13. The learned senior counsel, Ms. K.Amreswari, appearing for the respondents, however, submitted that such an argument was not advanced before the High Court and, therefore, it is not open to the appellant to raise that contention now. We have already noticed that this Court has permitted under similar circumstances to raise a point which was not argued before the High Court in the interest of justice.

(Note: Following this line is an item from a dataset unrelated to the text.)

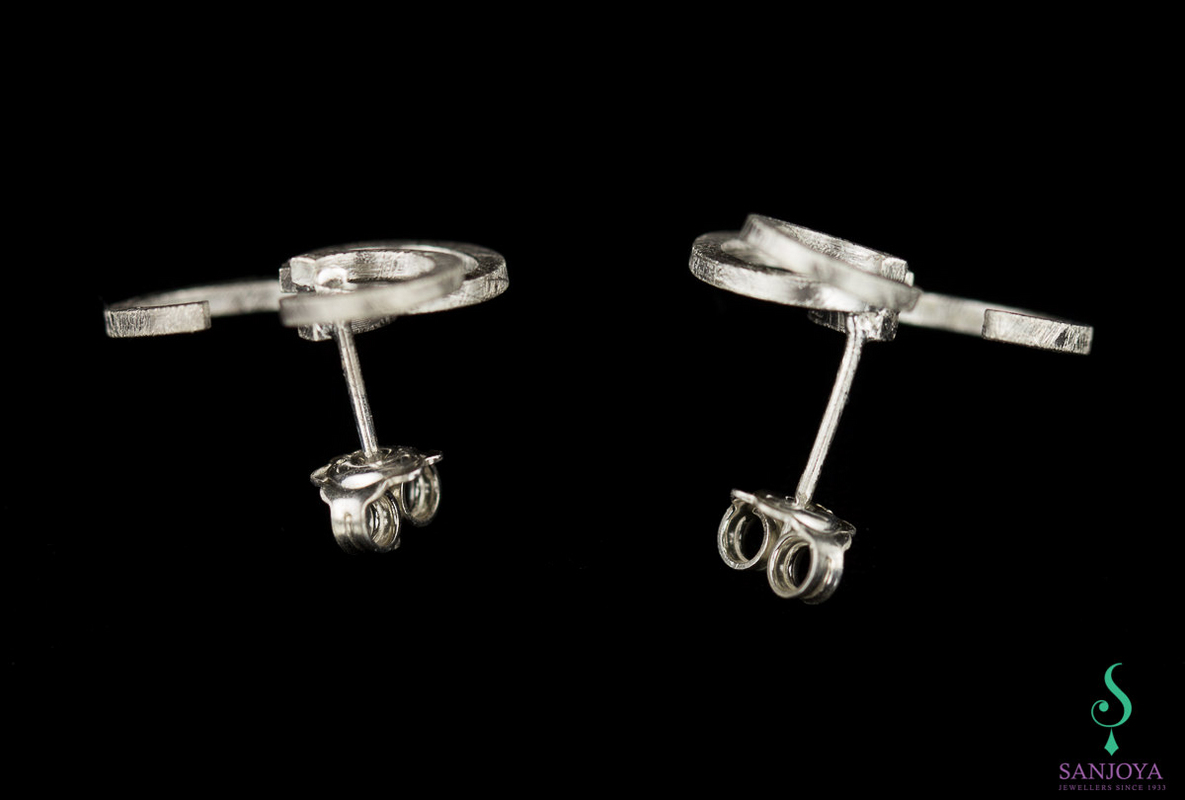 ORI0317007 - Druppelvormige en kleine zilveren oorbellen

14. It cannot be denied that among the religious institutions denominational institutions stand on a different footing and enjoys special protection under Article 26 of the Constitution. Therefore, while considering the challenge to the appointment of an Executive Officer, it is essential to bear in mind the protection given under Article 26 of the Constitution, which the High Court failed to do. In the circumstances, we are of the view that instead of ourselves going into that, we consider it appropriate to remand the matter to the Division Bench to hear and dispose of the case on that aspect. While accepting the finding, which has not been challenged by the respondents that the appellant-institution is a denomination one, the High Court will decide the legality of the appointment of the Executive Officer particularly in the light of Article 26 of the Constitution and the decisions of this Court referred to earlier.

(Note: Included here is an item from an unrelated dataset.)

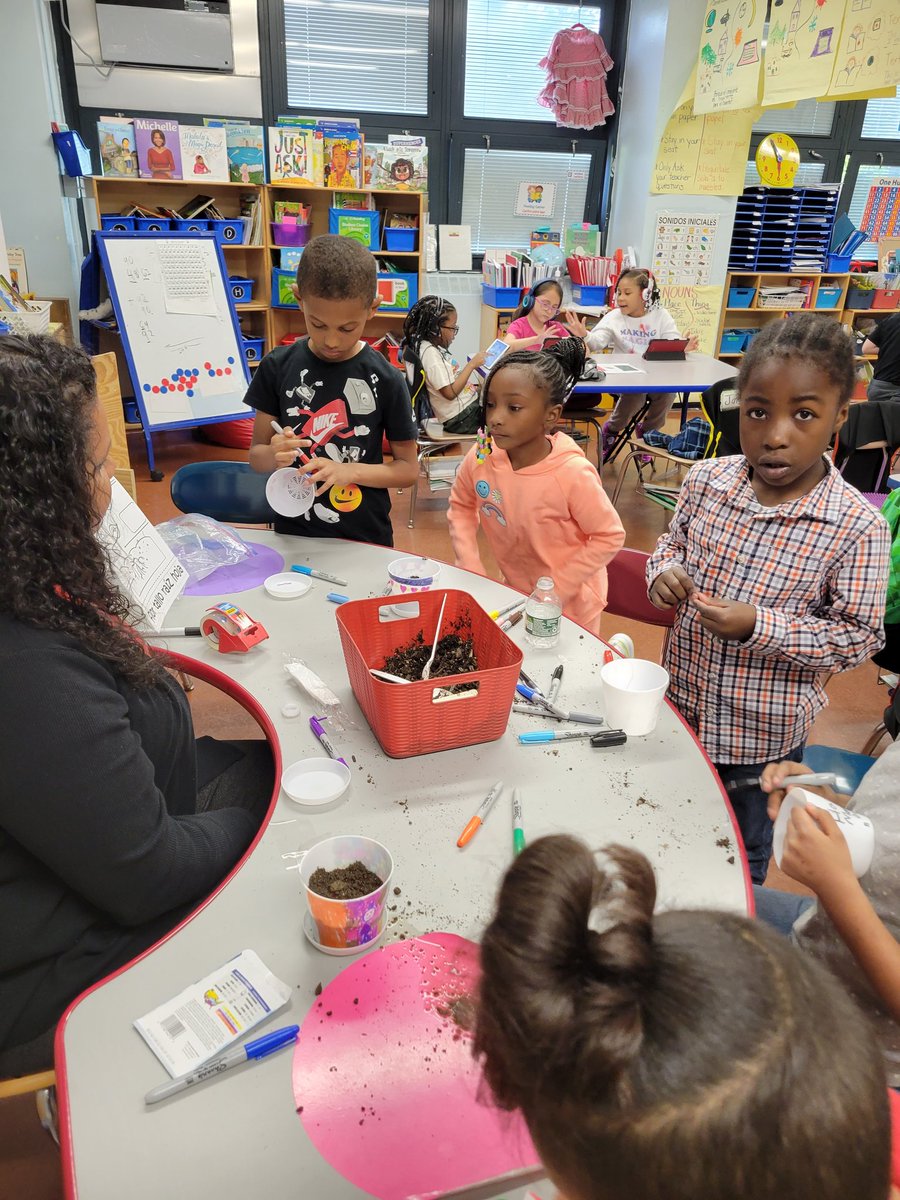 HeyBccs's tweet image. BCCS finished the Friday on a fun, phonological, and high note! @CommunitySupt16 @D16LEADS @NequanMclean @CMChiOsse @stefanizinerman @JabariBrisport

15. Since we remand the matter to the High Court to decide the legality of the appointment of Executive Officer, no further order need be passed in Civil Appeal No.1341/86.
16. Accordingly, we remit the matter to the High Court of Andhra Pradesh for hearing on the legality of the appointment of Executive Officer to the appellant-denominational institution
Civil Appeal Nos.8535/94 and 2718/97:
Civil Appeal No.2718/97:
19. This appeal is preferred against an order of the Division Bench in LPA No.1/86. That LPA was filed against an interim order in CMP 21126/85 in AS 3603/85. We are informed that AS 3603/85 on the file of the High Court of Andhra Pradesh is still pending. The question whether the appellant-institution is a religious denomination or not itself is a question yet to be decided in the appeal and, therefore, we do not propose to interfere with the order under appeal of the Division Bench. Likewise, no order in C.A. No.8535/94 need be passed in view of the pendency of AS 3603/85 and the High Court was right in holding so. However, we make it clear that if the Executive Officer/fit person, if any, appointed for the appellant-institution had taken charge and functioning as such, he will continue to be in the Office subject to the result of AS 3603/85. In case the Executive Officer/fit person had not taken charge for any reason, he shall not take charge notwithstanding the dismissal of C.A. No.2718/97. In other words, the status quo as on date shall be maintained pending disposal of AS 3603/85.
30. The appeals are disposed of accordingly with no order as to costs.